--- PROBLEM DETAILS ---
Copy each entry as it stands, leaving nothing out.

Extracted records:
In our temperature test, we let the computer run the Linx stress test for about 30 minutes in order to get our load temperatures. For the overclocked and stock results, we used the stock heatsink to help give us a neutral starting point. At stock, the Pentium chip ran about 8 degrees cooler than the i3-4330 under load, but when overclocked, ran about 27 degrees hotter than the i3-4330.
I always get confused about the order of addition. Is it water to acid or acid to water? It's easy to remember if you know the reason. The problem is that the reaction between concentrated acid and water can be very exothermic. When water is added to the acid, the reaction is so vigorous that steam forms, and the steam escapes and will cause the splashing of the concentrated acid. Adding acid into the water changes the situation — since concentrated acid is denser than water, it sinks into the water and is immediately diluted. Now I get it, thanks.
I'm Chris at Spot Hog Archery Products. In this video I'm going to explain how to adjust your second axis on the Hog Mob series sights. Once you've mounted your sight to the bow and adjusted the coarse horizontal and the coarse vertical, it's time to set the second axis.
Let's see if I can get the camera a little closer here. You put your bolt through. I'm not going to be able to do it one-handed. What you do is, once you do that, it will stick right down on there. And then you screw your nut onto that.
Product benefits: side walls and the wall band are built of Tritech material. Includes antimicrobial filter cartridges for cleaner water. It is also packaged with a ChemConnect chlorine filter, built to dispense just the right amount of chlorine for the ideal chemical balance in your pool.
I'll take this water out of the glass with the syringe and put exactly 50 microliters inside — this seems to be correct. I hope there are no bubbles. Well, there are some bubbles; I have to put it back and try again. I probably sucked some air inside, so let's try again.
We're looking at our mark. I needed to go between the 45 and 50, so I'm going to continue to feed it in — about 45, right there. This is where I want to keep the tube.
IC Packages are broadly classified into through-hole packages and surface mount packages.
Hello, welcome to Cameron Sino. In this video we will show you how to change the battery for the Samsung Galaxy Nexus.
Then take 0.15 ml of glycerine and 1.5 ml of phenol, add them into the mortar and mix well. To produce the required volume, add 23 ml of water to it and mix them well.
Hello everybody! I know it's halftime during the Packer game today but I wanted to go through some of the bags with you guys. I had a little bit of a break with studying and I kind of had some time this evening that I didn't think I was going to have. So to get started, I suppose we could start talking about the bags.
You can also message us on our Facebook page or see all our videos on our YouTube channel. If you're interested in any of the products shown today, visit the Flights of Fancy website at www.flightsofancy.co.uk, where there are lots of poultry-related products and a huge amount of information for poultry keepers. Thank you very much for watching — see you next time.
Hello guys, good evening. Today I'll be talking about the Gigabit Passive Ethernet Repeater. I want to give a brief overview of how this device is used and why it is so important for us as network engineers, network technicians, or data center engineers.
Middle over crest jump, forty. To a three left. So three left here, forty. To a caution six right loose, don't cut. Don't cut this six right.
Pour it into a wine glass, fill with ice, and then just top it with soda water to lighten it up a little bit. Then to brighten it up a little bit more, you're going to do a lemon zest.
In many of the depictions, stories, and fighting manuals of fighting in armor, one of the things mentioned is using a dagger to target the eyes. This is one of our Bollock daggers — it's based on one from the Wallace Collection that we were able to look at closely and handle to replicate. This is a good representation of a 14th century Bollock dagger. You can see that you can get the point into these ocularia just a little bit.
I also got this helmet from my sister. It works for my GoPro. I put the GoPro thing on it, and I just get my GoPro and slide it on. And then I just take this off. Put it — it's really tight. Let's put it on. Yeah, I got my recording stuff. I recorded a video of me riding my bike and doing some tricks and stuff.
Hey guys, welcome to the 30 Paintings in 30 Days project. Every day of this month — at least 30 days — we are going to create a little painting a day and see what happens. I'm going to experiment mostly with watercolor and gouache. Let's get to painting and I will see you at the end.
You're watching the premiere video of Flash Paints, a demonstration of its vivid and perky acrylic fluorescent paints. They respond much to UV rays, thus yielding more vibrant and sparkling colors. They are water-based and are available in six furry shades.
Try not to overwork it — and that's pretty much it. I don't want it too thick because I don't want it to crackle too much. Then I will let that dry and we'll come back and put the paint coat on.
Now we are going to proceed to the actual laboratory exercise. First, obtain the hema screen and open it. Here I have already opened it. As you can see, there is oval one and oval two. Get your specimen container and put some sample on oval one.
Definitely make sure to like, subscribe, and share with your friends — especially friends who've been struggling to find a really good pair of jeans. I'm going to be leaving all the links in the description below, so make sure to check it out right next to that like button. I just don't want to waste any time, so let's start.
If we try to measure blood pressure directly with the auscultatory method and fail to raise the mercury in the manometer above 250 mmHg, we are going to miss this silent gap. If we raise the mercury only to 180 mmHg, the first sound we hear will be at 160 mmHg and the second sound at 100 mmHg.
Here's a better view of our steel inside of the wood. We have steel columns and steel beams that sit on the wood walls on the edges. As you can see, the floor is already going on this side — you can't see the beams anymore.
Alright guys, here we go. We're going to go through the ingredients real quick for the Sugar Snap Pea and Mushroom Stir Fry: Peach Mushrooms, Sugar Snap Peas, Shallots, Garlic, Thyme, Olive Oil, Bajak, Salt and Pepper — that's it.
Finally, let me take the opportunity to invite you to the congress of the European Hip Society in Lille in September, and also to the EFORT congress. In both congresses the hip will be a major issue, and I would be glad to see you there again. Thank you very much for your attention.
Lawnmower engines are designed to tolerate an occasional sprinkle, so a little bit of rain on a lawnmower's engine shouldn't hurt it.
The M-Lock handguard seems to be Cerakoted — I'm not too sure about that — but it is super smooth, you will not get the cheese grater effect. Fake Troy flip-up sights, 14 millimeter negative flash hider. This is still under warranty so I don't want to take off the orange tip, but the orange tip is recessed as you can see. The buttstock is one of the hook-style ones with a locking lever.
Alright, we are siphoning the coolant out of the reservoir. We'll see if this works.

--- TASK SOLUTION ---
In our temperature test, we let the computer run the Linx stress test for about 30 minutes in order to get our load temperatures. For the overclocked and stock results, we used the stock heatsink to help give us a neutral starting point. At stock, the Pentium chip ran about 8 degrees cooler than the i3-4330 under load, but when overclocked, ran about 27 degrees hotter than the i3-4330.
I always get confused about the order of addition. Is it water to acid or acid to water? It's easy to remember if you know the reason. The problem is that the reaction between concentrated acid and water can be very exothermic. When water is added to the acid, the reaction is so vigorous that steam forms, and the steam escapes and will cause the splashing of the concentrated acid. Adding acid into the water changes the situation — since concentrated acid is denser than water, it sinks into the water and is immediately diluted. Now I get it, thanks.
I'm Chris at Spot Hog Archery Products. In this video I'm going to explain how to adjust your second axis on the Hog Mob series sights. Once you've mounted your sight to the bow and adjusted the coarse horizontal and the coarse vertical, it's time to set the second axis.
Let's see if I can get the camera a little closer here. You put your bolt through. I'm not going to be able to do it one-handed. What you do is, once you do that, it will stick right down on there. And then you screw your nut onto that.
Product benefits: side walls and the wall band are built of Tritech material. Includes antimicrobial filter cartridges for cleaner water. It is also packaged with a ChemConnect chlorine filter, built to dispense just the right amount of chlorine for the ideal chemical balance in your pool.
I'll take this water out of the glass with the syringe and put exactly 50 microliters inside — this seems to be correct. I hope there are no bubbles. Well, there are some bubbles; I have to put it back and try again. I probably sucked some air inside, so let's try again.
We're looking at our mark. I needed to go between the 45 and 50, so I'm going to continue to feed it in — about 45, right there. This is where I want to keep the tube.
IC Packages are broadly classified into through-hole packages and surface mount packages.
Hello, welcome to Cameron Sino. In this video we will show you how to change the battery for the Samsung Galaxy Nexus.
Then take 0.15 ml of glycerine and 1.5 ml of phenol, add them into the mortar and mix well. To produce the required volume, add 23 ml of water to it and mix them well.
Hello everybody! I know it's halftime during the Packer game today but I wanted to go through some of the bags with you guys. I had a little bit of a break with studying and I kind of had some time this evening that I didn't think I was going to have. So to get started, I suppose we could start talking about the bags.
You can also message us on our Facebook page or see all our videos on our YouTube channel. If you're interested in any of the products shown today, visit the Flights of Fancy website at www.flightsofancy.co.uk, where there are lots of poultry-related products and a huge amount of information for poultry keepers. Thank you very much for watching — see you next time.
Hello guys, good evening. Today I'll be talking about the Gigabit Passive Ethernet Repeater. I want to give a brief overview of how this device is used and why it is so important for us as network engineers, network technicians, or data center engineers.
Middle over crest jump, forty. To a three left. So three left here, forty. To a caution six right loose, don't cut. Don't cut this six right.
Pour it into a wine glass, fill with ice, and then just top it with soda water to lighten it up a little bit. Then to brighten it up a little bit more, you're going to do a lemon zest.
In many of the depictions, stories, and fighting manuals of fighting in armor, one of the things mentioned is using a dagger to target the eyes. This is one of our Bollock daggers — it's based on one from the Wallace Collection that we were able to look at closely and handle to replicate. This is a good representation of a 14th century Bollock dagger. You can see that you can get the point into these ocularia just a little bit.
I also got this helmet from my sister. It works for my GoPro. I put the GoPro thing on it, and I just get my GoPro and slide it on. And then I just take this off. Put it — it's really tight. Let's put it on. Yeah, I got my recording stuff. I recorded a video of me riding my bike and doing some tricks and stuff.
Hey guys, welcome to the 30 Paintings in 30 Days project. Every day of this month — at least 30 days — we are going to create a little painting a day and see what happens. I'm going to experiment mostly with watercolor and gouache. Let's get to painting and I will see you at the end.
You're watching the premiere video of Flash Paints, a demonstration of its vivid and perky acrylic fluorescent paints. They respond much to UV rays, thus yielding more vibrant and sparkling colors. They are water-based and are available in six furry shades.
Try not to overwork it — and that's pretty much it. I don't want it too thick because I don't want it to crackle too much. Then I will let that dry and we'll come back and put the paint coat on.
Now we are going to proceed to the actual laboratory exercise. First, obtain the hema screen and open it. Here I have already opened it. As you can see, there is oval one and oval two. Get your specimen container and put some sample on oval one.
Definitely make sure to like, subscribe, and share with your friends — especially friends who've been struggling to find a really good pair of jeans. I'm going to be leaving all the links in the description below, so make sure to check it out right next to that like button. I just don't want to waste any time, so let's start.
If we try to measure blood pressure directly with the auscultatory method and fail to raise the mercury in the manometer above 250 mmHg, we are going to miss this silent gap. If we raise the mercury only to 180 mmHg, the first sound we hear will be at 160 mmHg and the second sound at 100 mmHg.
Here's a better view of our steel inside of the wood. We have steel columns and steel beams that sit on the wood walls on the edges. As you can see, the floor is already going on this side — you can't see the beams anymore.
Alright guys, here we go. We're going to go through the ingredients real quick for the Sugar Snap Pea and Mushroom Stir Fry: Peach Mushrooms, Sugar Snap Peas, Shallots, Garlic, Thyme, Olive Oil, Bajak, Salt and Pepper — that's it.
Finally, let me take the opportunity to invite you to the congress of the European Hip Society in Lille in September, and also to the EFORT congress. In both congresses the hip will be a major issue, and I would be glad to see you there again. Thank you very much for your attention.
Lawnmower engines are designed to tolerate an occasional sprinkle, so a little bit of rain on a lawnmower's engine shouldn't hurt it.
The M-Lock handguard seems to be Cerakoted — I'm not too sure about that — but it is super smooth, you will not get the cheese grater effect. Fake Troy flip-up sights, 14 millimeter negative flash hider. This is still under warranty so I don't want to take off the orange tip, but the orange tip is recessed as you can see. The buttstock is one of the hook-style ones with a locking lever.
Alright, we are siphoning the coolant out of the reservoir. We'll see if this works.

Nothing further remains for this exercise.